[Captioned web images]
● ● ● ● ●

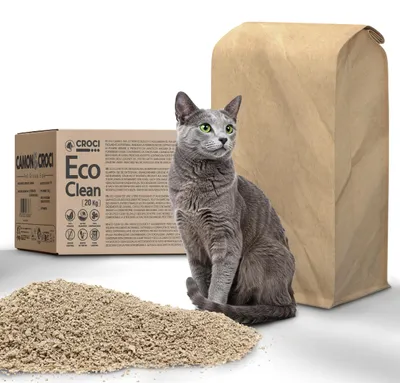 Image de Litière pour chats Croci Eco Clean, en granulés agglomérants, biodégradable, 100% d'origine végétale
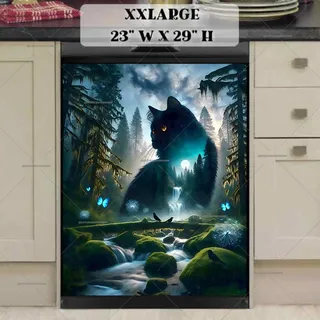 Preview of Black Fantasy Forest Cat magnet in XX Large size.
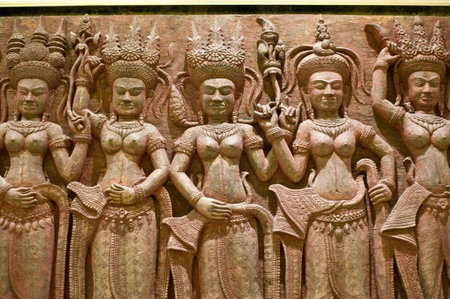 the art of carve in angkor style of asia is the architecture ancient of hinduismのeditorial素材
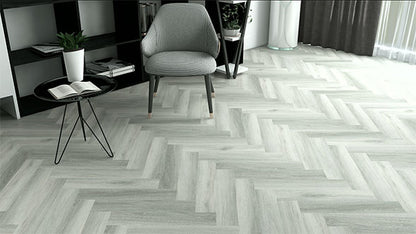 Lunar Glow - Herringbone Hybrid Flooring 8mm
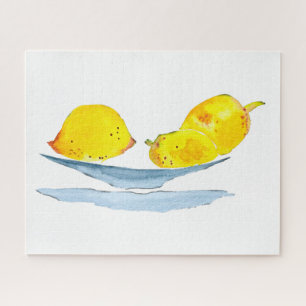 Yellow lemons fruit art jigsaw puzzle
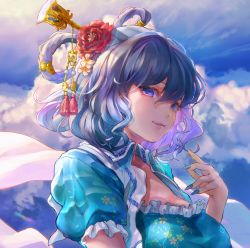 Rule 34 | 1girl, blue dress, blue eyes, blue hair, blue nails, blue sky, breasts, cleavage, cloud, commentary request, day, dress, fingernails, floral print, flower, frills, hair between eyes, hair flower, hair ornament, hair rings, hair stick, hand up, kaku seiga, large breasts, lips, long fingernails, looking at viewer, nail polish, outdoors, parted lips, puffy sleeves, red flower, sharp fingernails, shawl, short hair, sky, smile, solo, tassel, tocope, touhou, upper body, vest, white flower, white vest, wing collar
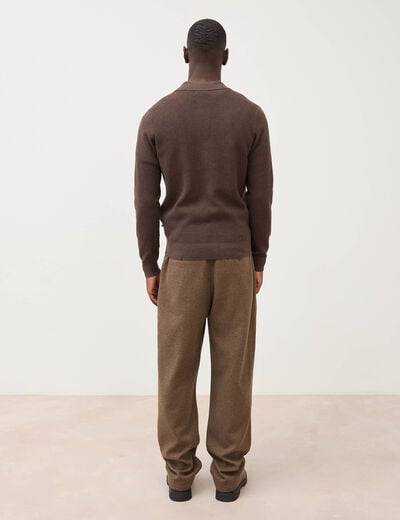 Pull droit col polo manches longues marron homme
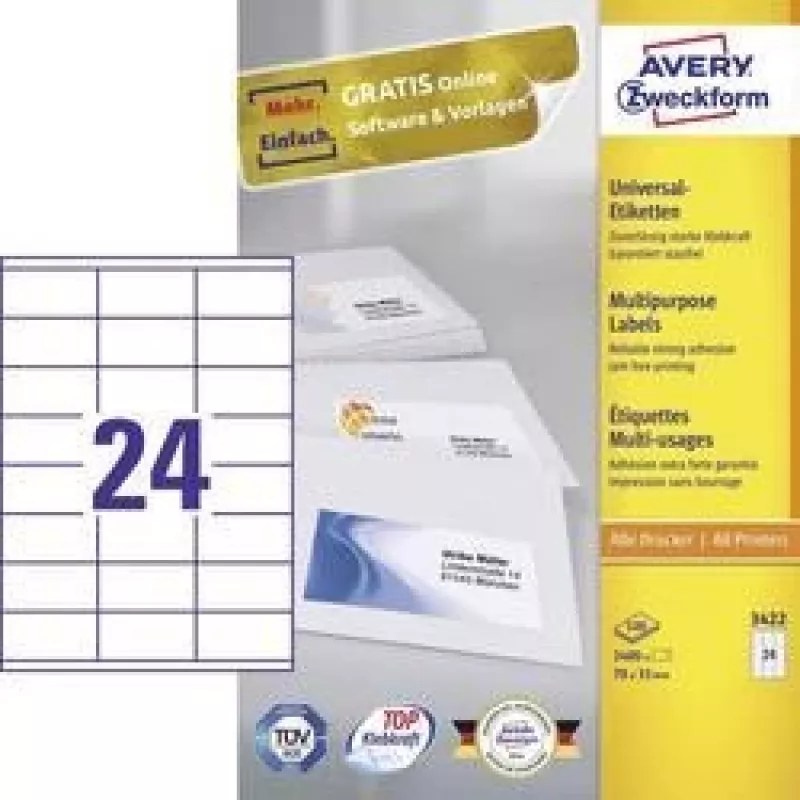 Univerzálne etikety 70x35mm InkjetLaserCopy A4 100 listov 2400 ks biele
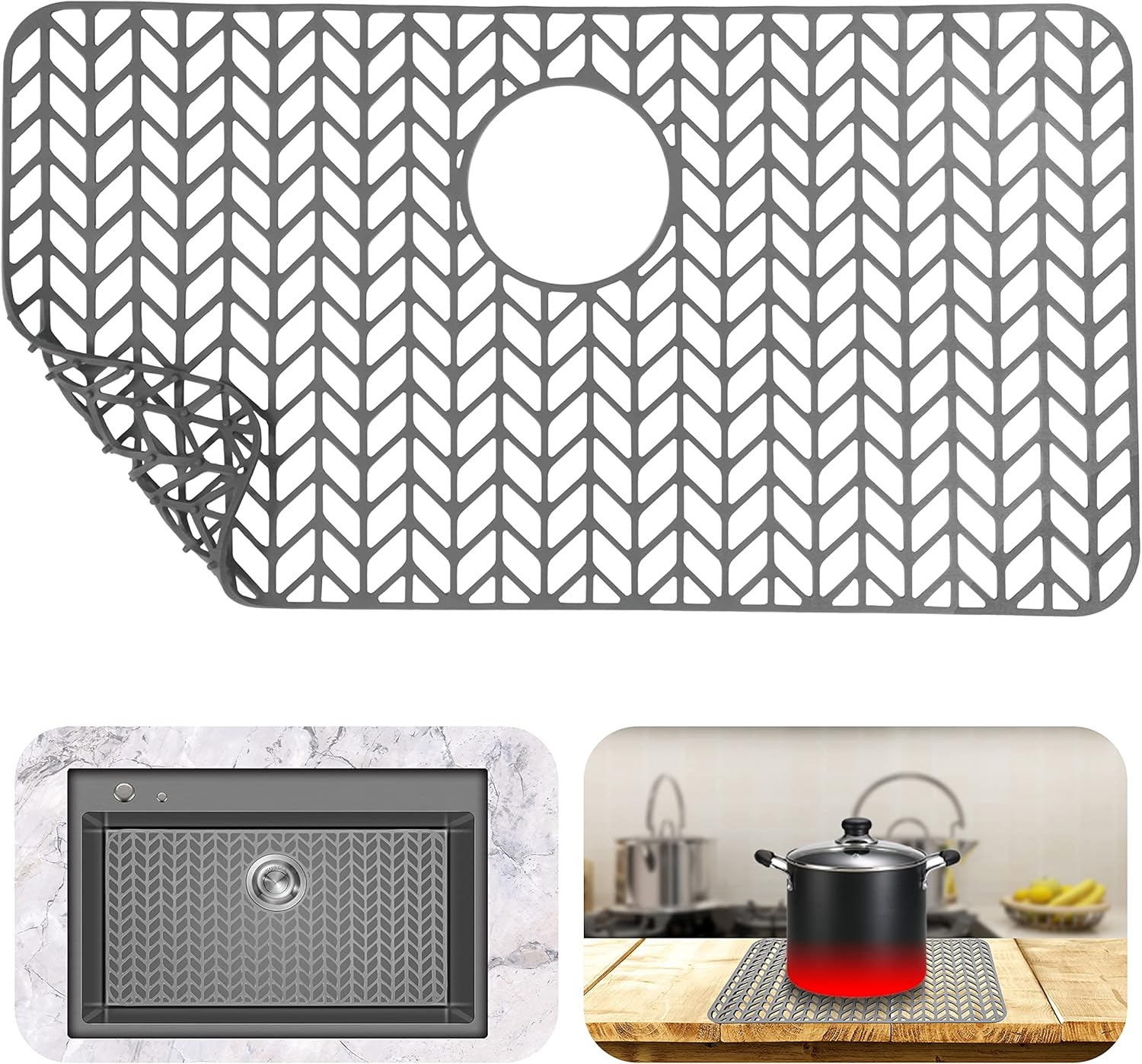 Stainless Steel Porcelain Sink Mat - 28.3''x15.2'', Heat Resistant Non-Slip, Fits Back Drain Kitchen Sink Grid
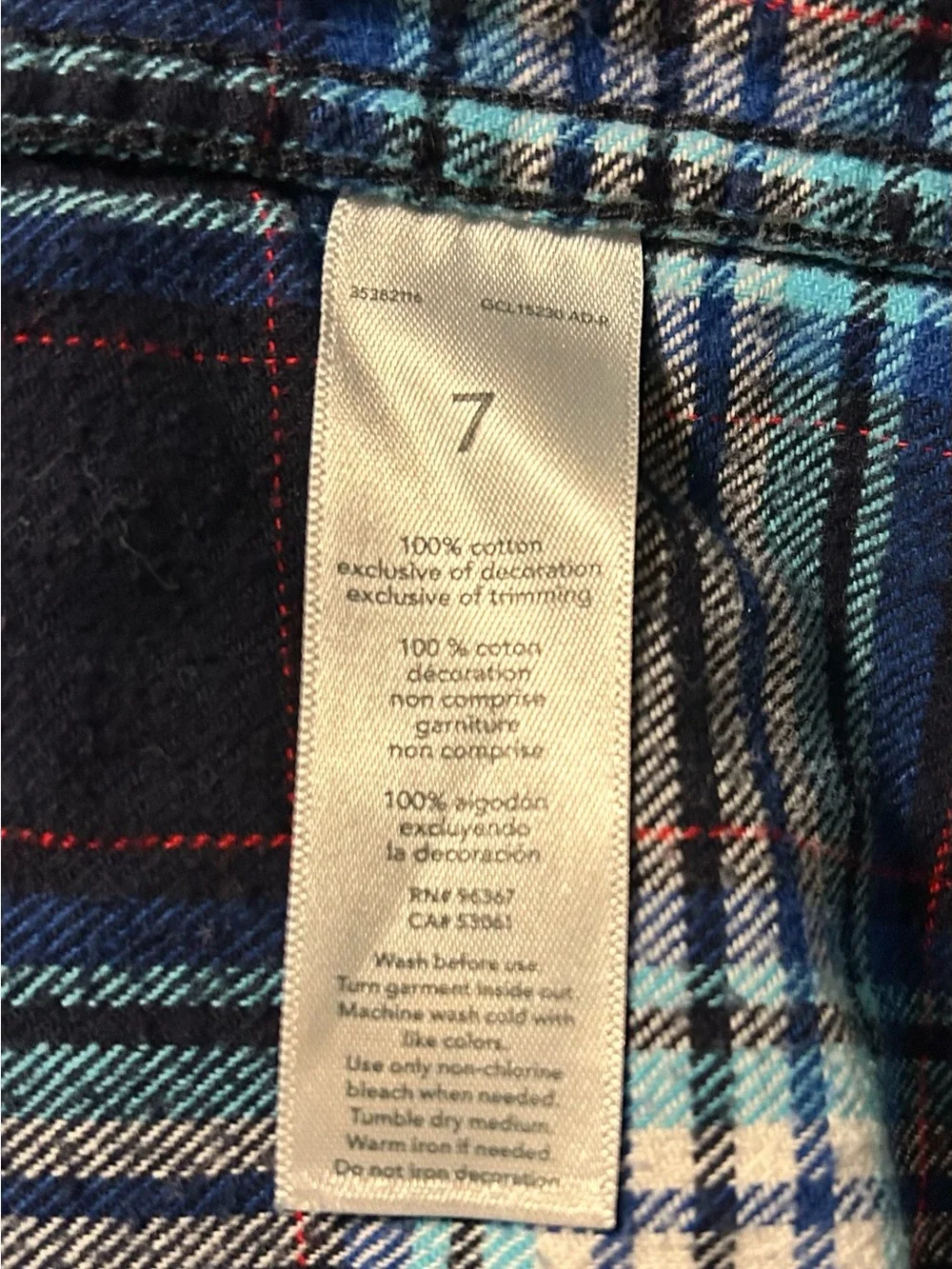 OshKosh B'gosh Boy’s Plaid Flannel Cabincore Navy and Red Button-Down Shirt Sz 7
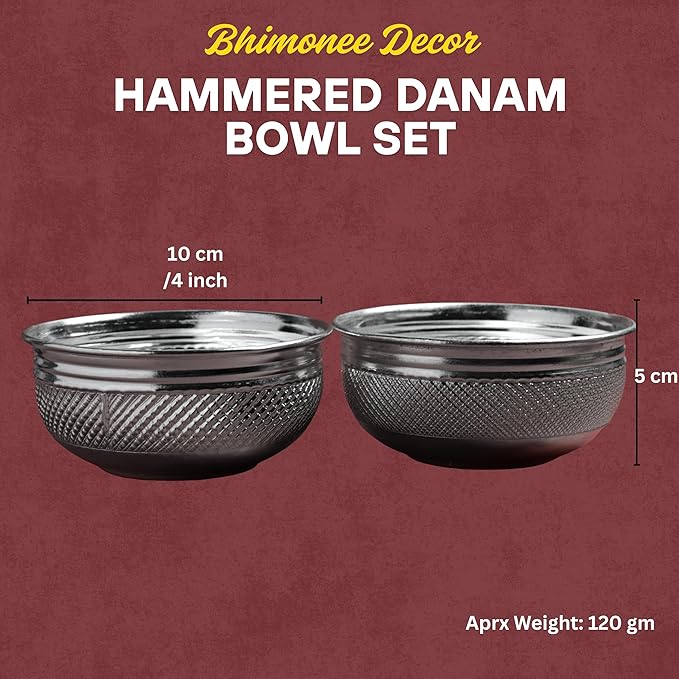 Hammered Danam Bowl Set of 2 | Fancy Metal Kumkum Haldi Bowl for Pooja Ritual | Silver Finish | 4 Inch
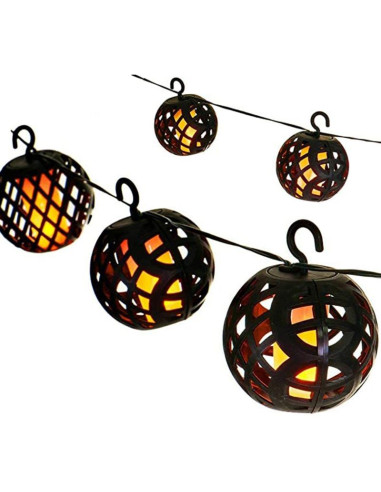 Lampa solarna kule ogniowe 7cm 5szt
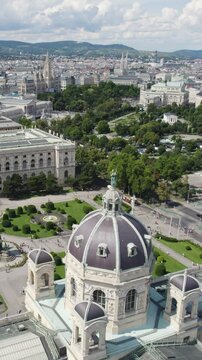 Art Museum in Maria Theresien Platz of Viena, Austria. Aerial vertical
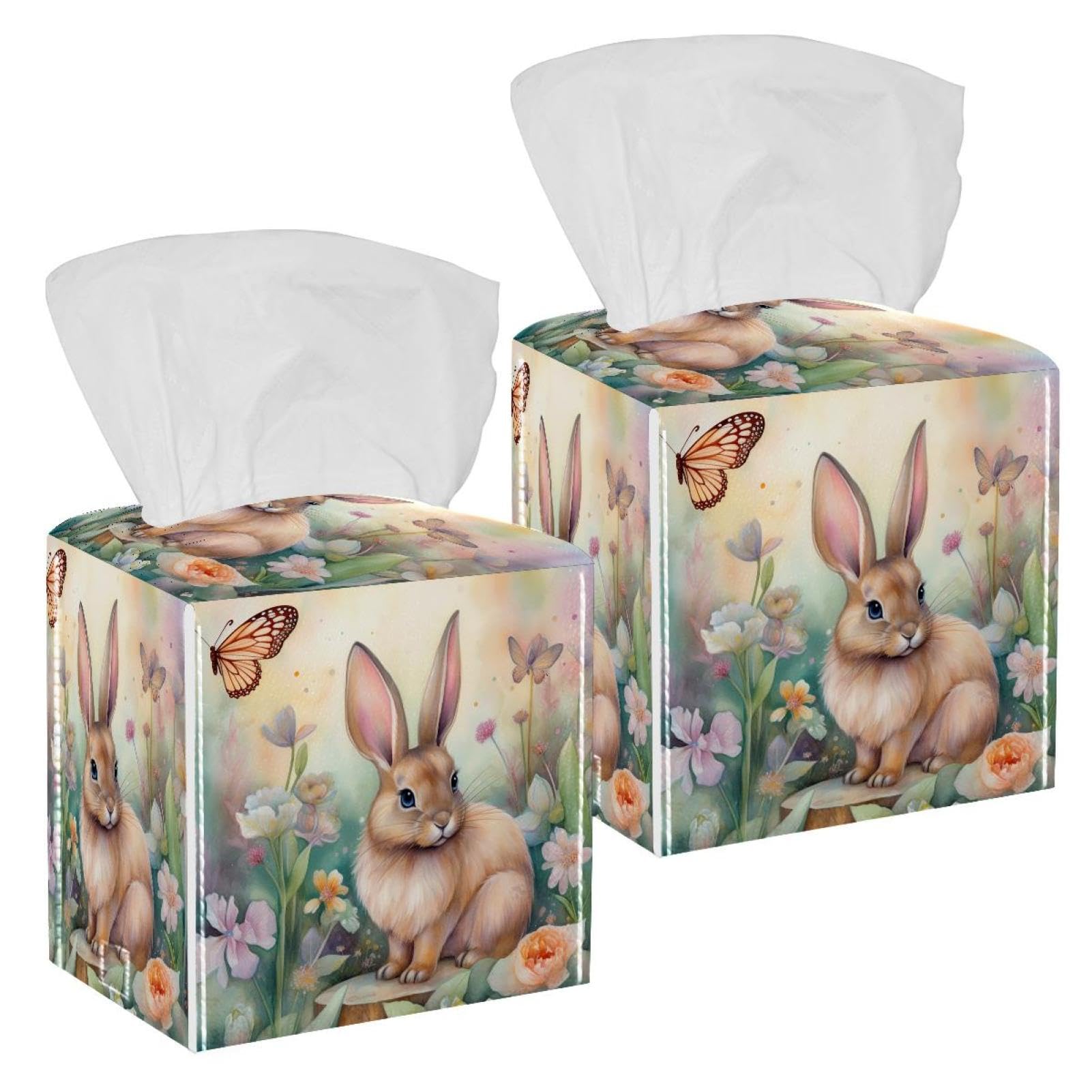 Floral Rabbit Butterfly Tissue Box Cover, 2 Pack PU Leather Square Facial Tissue Dispenser Box holder for Home Office Car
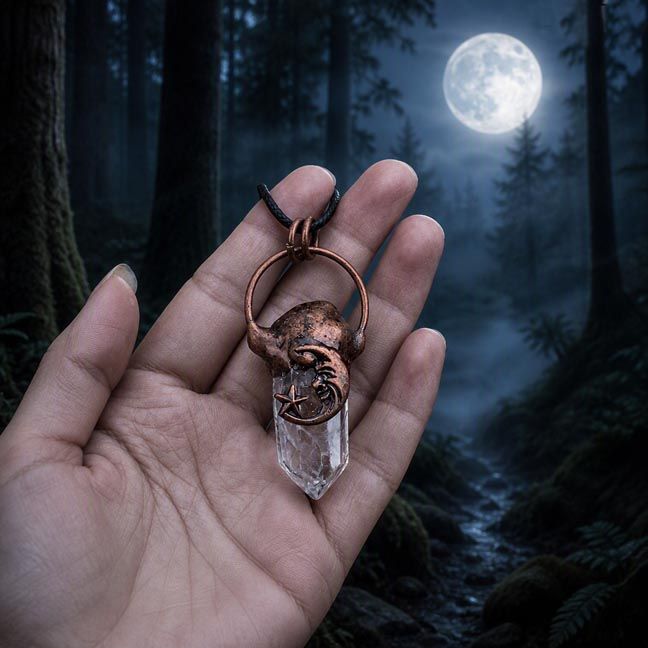 Copper crescent moon and star pendant with clear quartz point on waxed cotton cord, glowing with mystical light.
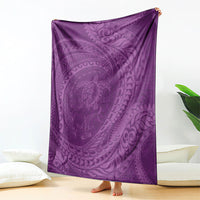 Hawaiian Turtle and Shark Blanket Kakau Tribal with Polynesian Pattern Pink Color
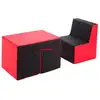 Image de Ensemble de meubles en mousse : chaise et fauteuil rouge-noir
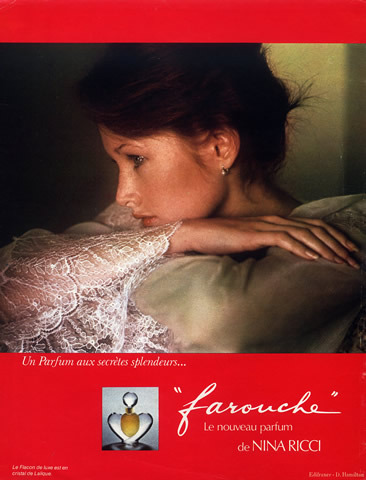 Рекламный постер Farouche Nina Ricci 1975 год. Купить духи Farouche Nina Ricci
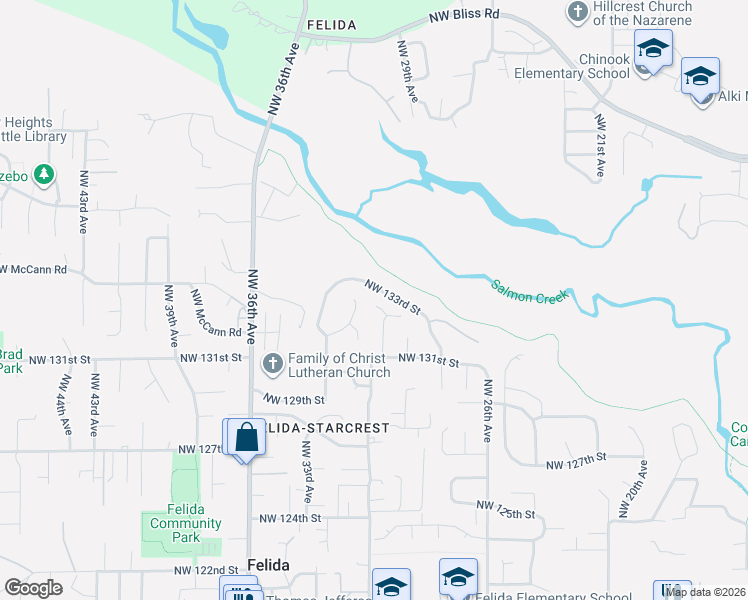 map of restaurants, bars, coffee shops, grocery stores, and more near 13218 Northwest 30th Court in Vancouver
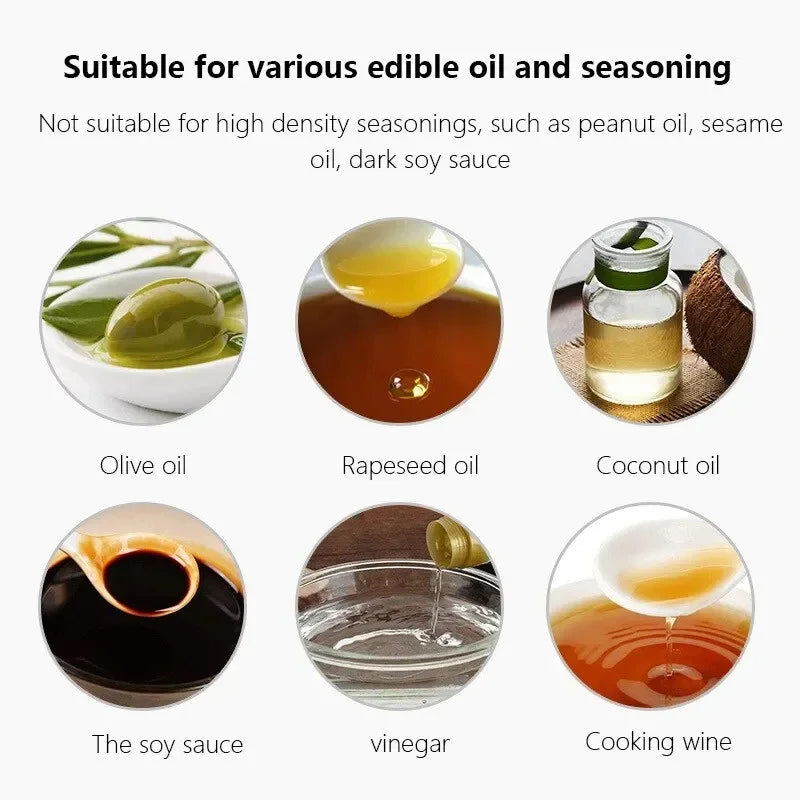 Black Transparent Oil Spray Bottle – Kitchen Olive Oil Dispenser for Cooking, Baking & Barbecue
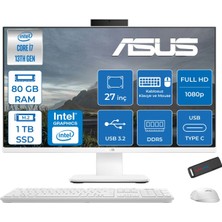 Asus V470VAK Intel Core I7-13620H 80GB Ddr5 1tb SSD 27'' Fhd 100Hz 300NITS Freedos  Beyaz Allınone Bilgisayar ABI716512W0DF33+ZETTAUSBBELLEK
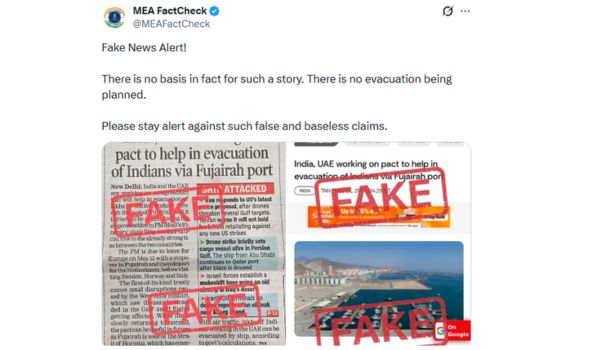 MEA Fact Check Unit debunks claim on India-UAE evacuation pact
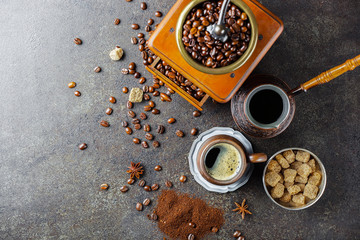 Black coffee in a cup on old background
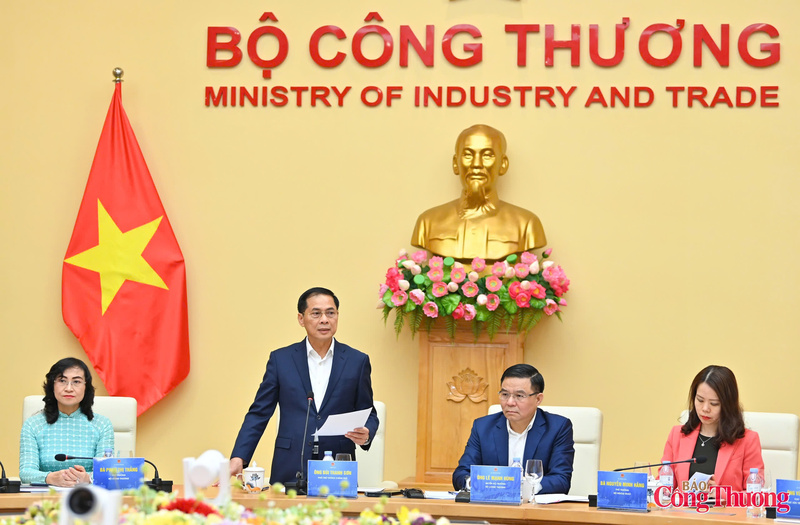 Phó Thủ tướng Chính phủ Bùi Thanh Sơn phát biểu chỉ đạo tại lễ khai trương Nền tảng số về phát triển thị trường nước ngoài.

● ● ● ● ●

- **Brief**
Repeat the exact lines from the first line of the data through the line containing "Black Transparent Oil". Nothing else, no pictures.

- **Written response**
 Image de Litière pour chats Croci Eco Clean, en granulés agglomérants, biodégradable, 100% d'origine végétale
 Preview of Black Fantasy Forest Cat magnet in XX Large size.
 the art of carve in angkor style of asia is the architecture ancient of hinduismのeditorial素材
 Lunar Glow - Herringbone Hybrid Flooring 8mm
 Yellow lemons fruit art jigsaw puzzle
 Rule 34 | 1girl, blue dress, blue eyes, blue hair, blue nails, blue sky, breasts, cleavage, cloud, commentary request, day, dress, fingernails, floral print, flower, frills, hair between eyes, hair flower, hair ornament, hair rings, hair stick, hand up, kaku seiga, large breasts, lips, long fingernails, looking at viewer, nail polish, outdoors, parted lips, puffy sleeves, red flower, sharp fingernails, shawl, short hair, sky, smile, solo, tassel, tocope, touhou, upper body, vest, white flower, white vest, wing collar
 Pull droit col polo manches longues marron homme
 Univerzálne etikety 70x35mm InkjetLaserCopy A4 100 listov 2400 ks biele
 Stainless Steel Porcelain Sink Mat - 28.3''x15.2'', Heat Resistant Non-Slip, Fits Back Drain Kitchen Sink Grid
 OshKosh B'gosh Boy’s Plaid Flannel Cabincore Navy and Red Button-Down Shirt Sz 7
 Hammered Danam Bowl Set of 2 | Fancy Metal Kumkum Haldi Bowl for Pooja Ritual | Silver Finish | 4 Inch
 Lampa solarna kule ogniowe 7cm 5szt
 Art Museum in Maria Theresien Platz of Viena, Austria. Aerial vertical
 Floral Rabbit Butterfly Tissue Box Cover, 2 Pack PU Leather Square Facial Tissue Dispenser Box holder for Home Office Car
 Copper crescent moon and star pendant with clear quartz point on waxed cotton cord, glowing with mystical light.
 Hawaiian Turtle and Shark Blanket Kakau Tribal with Polynesian Pattern Pink Color
 Image de Ensemble de meubles en mousse : chaise et fauteuil rouge-noir
 Рекламный постер Farouche Nina Ricci 1975 год. Купить духи Farouche Nina Ricci
 map of restaurants, bars, coffee shops, grocery stores, and more near 13218 Northwest 30th Court in Vancouver
 Black Transparent Oil Spray Bottle – Kitchen Olive Oil Dispenser for Cooking, Baking & Barbecue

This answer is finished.